I took in the premiere episode a few days after its debut and have kept up with it every week since. The third episode aired last night, and I believe I’m ready to share my opinion of the show.

Simply put: I like it.

I wouldn’t say I love it, but I do look forward to watching it each week. Truthfully, it’s not the story that’s captivated me. Rather, it’s the performances, the costumes, the set pieces, and the cinematography that keeps me coming back.

Set in the early 1930s, this Perry Mason is a private investigator suffering PTSD from WWI, struggling to hold on to his family’s farm, and basically down on his luck in every way possible. He’s rough around the edges, cynical, and not afraid to get his hands dirty. Yet, somewhere behind the weary exterior is a good man, a man who could have shined under different circumstances.

There are some excellent performances in Perry Mason.
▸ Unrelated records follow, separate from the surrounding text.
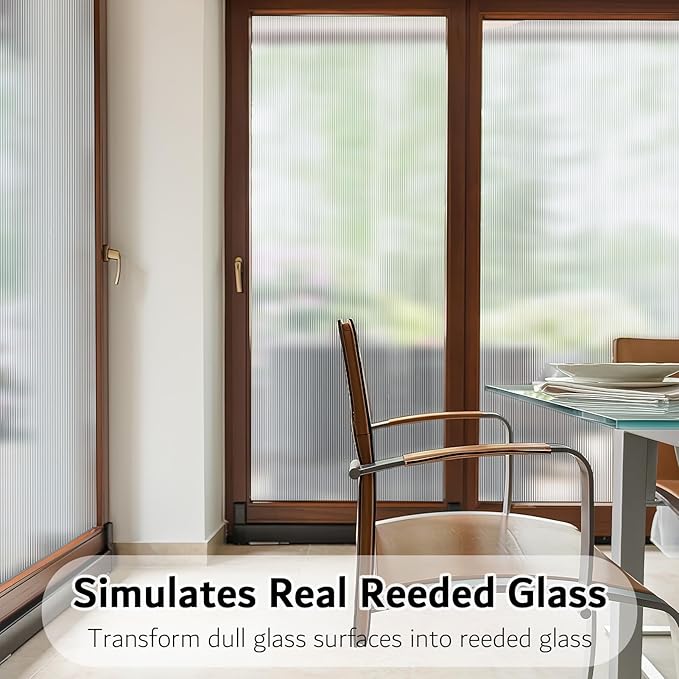 VELIMAX Reeded Glass Privacy Film, Frosted Window Vinyl, 3D Decorative Window Decals Non Adhesive for Bathroom, Living Room 17.7x157.4 inches
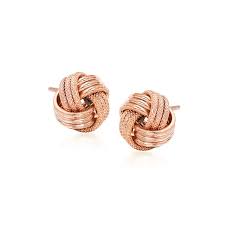 Ross Simons 14kt Rose Gold Textured And Polished Love Knot Stud Earrings Knot Stud Earrings Knot Studs Rose Gold Texture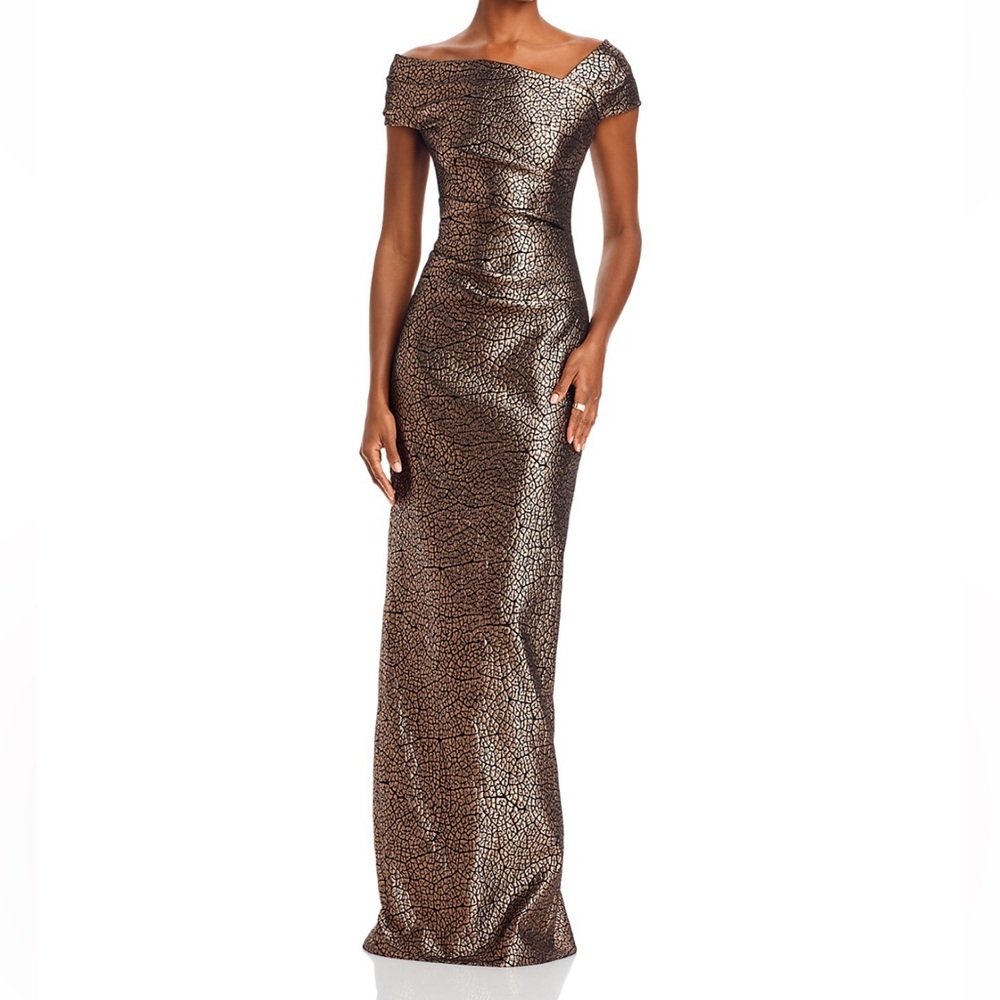 RICKIE FREEMAN FOR TERI JON
Cap-Sleeve Metallic Jacquard Column Gown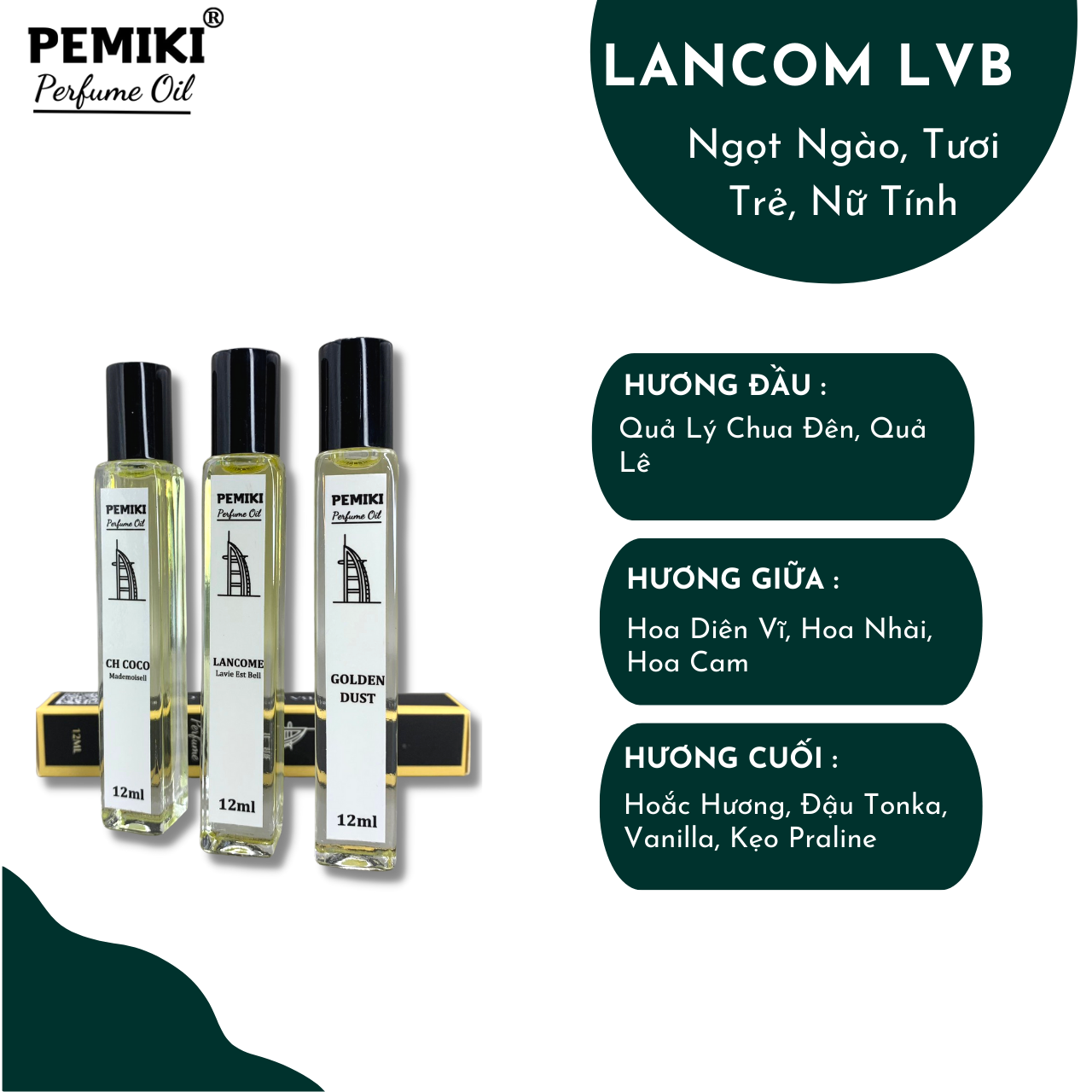Nước hoa tinh dầu dubai pemiki nước hoa nam nữ dạng lăn 12ml thơm lâu 24h - pemiki perfume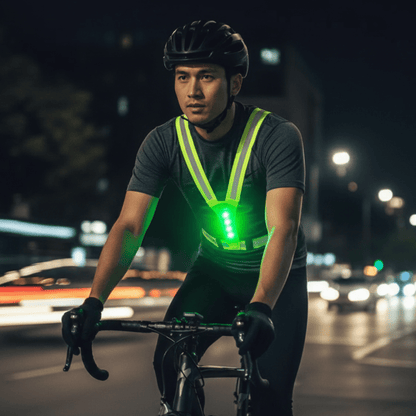 BRIGHTPATH – Gilet da corsa riflettente a LED con vestibilità regolabile e luci di sicurezza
Matthew Rhys has truly brought Perry Mason to life. The slight expressions, the body language, the voice inflection–it’s all working to create a dynamic character that is, though incredibly flawed, deeply appealing. Tatiana Maslany is always fantastic. I haven’t seen her since Orphan Black, but she’s as potent as ever. Of course, there are other superb actors in the show as well such as Juliet Rylance, John Lithgow, Robert Patrick, Chris Chalk, Gayle Rankin, and Stephen Root.

The “look” of the show is gorgeous. Some of it is CGI, but much of it is actual reproduction of architecture, clothing, and vehicles from the 1930s. The costumes are beautiful, by the way. The suits, the hats, the leather jackets–outstanding. It’s just an interesting show to watch.

Be warned, however, there are some disturbing images from time to time. A podcast warned me to be ready regarding a dead baby during the first few moments. There’s also an intense scene taking place on the battlefield of WWI, gun violence, and regular visits to the police morgue.

Again, I can’t say that Perry Mason has connected with me at a visceral level, but I appreciate it for what it is: a very good show with beautiful costumes, exquisite set pieces, and superb acting.